我们使用这些类别名称作为关键字，并搜索来自现实世界的25张图片场景，并包含来自互联网的每个类别所需的突出对象。
特别是，这些涉及到的年龄，没有版权纠纷，收集Flickr和Unsplash。
关于图像采集方案的详细信息，建议读者参考文献[82]。
最后，我们给出了R2C7K数据集的图像和标注样本，如图2所示

3.2 Data Statistics

Subset Comparisons.

Fig. 3 presents 4 attribute comparisons between the images in Ref-subset and Camo-subset.

Specifically, the object area refers to the size of the objects in a given image, the object ratio is the proportion of objects in an image, the object distance is the distance from the object

center to the image center, and the global contrast is a metric to evaluate how challenging an object is to detect.
It can be observed that the objects in the Ref-subset are bigger than those objects in the Camo-subset, and the images in the Ref-subset contain more contrast cues.
Therefore, the objects in the Ref-subset are easier to be detected, which means that this form of referring information is readily available and suitable for the Ref-COD research.

图3给出ref -子集和camo -子集图像的4个属性对比。
具体来说，物体面积是指给定图像中物体的大小，物体比例是物体在图像中所占的比例，物体距离是物体到物体的距离
中心到图像中心，全局对比度是评估物体检测难度的度量。
可以观察到Ref-子集中的对象比camo -子集中的对象更大，Ref-子集中的图像包含更多的对比度线索。
因此，ref -子集中的对象更容易被检测到，这意味着这种形式的参考信息是现成的，适合于Ref-COD的研究。

Categories and Number.
The R2C7K dataset contains 6,615 samples covering 64 categories, where the Camo-subset consists of 5,015 samples and the Ref-subset has 1,600 samples.

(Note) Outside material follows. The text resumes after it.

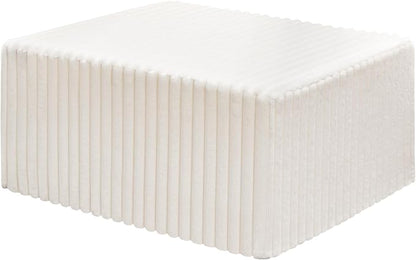 Hobestluk Rectangle Ottoman Memory Foam Footrest - Image 9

Note that, each category of this dataset contains a fixed number of referring images, namely 25, while the number of COD images in each category is unevenly distributed, as illustrated in Fig. 4.

R2C7K数据集包含6,615个样本，涵盖64个类别，
其中camo子集包含包含5,015个样本，
ref子集包含1,600个样本。
需要注意的是，该数据集的每个类别包含固定数量的参考图像，即25张，而每个类别的COD图像数量分布不均匀，如图4所示。

蓝色是ref-subset 红色是camo-subset

Resolution Distribution.
Fig. 5(a) and Fig. 5(b) shows the resolution distribution of the images in the Camo-subset and

Ref-subset.
As can be seen, these two subsets contain a large number of Full HD images, which can provide more details on the object boundaries and textures.

Dataset Splits.
To facilitate the development of models for Ref-COD research, we provide a referring split for the R2C7K dataset.
For the Ref-subset, 20 samples are randomly selected from each category for training while the remaining samples in each category are used for testing;
As far as the Camo-subset, the samples coming from the training

set of COD10K are also utilized for training and the ones belonging to the test set are used for testing.
And the samples from NC4K are randomly assigned to the training and testing sets to ensure that each category in these two splits contains at least 6 samples.

分辨率分布。Resolution Distribution
图5(a)和图5(b)显示了Camo-subset and Ref-subset的图像分辨率分布。
可以看到，这两个子集包含了大量的Full HD图像，可以提供更多关于物体边界和纹理的细节。
数据集分割。Dataset Splits.
为了方便Ref-COD研究模型的开发，我们对R2C7K数据集提供了一个参考分割。
对于Ref-subset，从每个类别中随机抽取20个样本进行训练，每个类别中剩余的样本用于测试;
至于camo子集，来自训练的样本COD10K集也用于训练，属于测试集的COD10K集用于测试。
并且将NC4K的样本随机分配到训练集和测试集，以确保这两个分裂中的每个类别至少包含6个样本。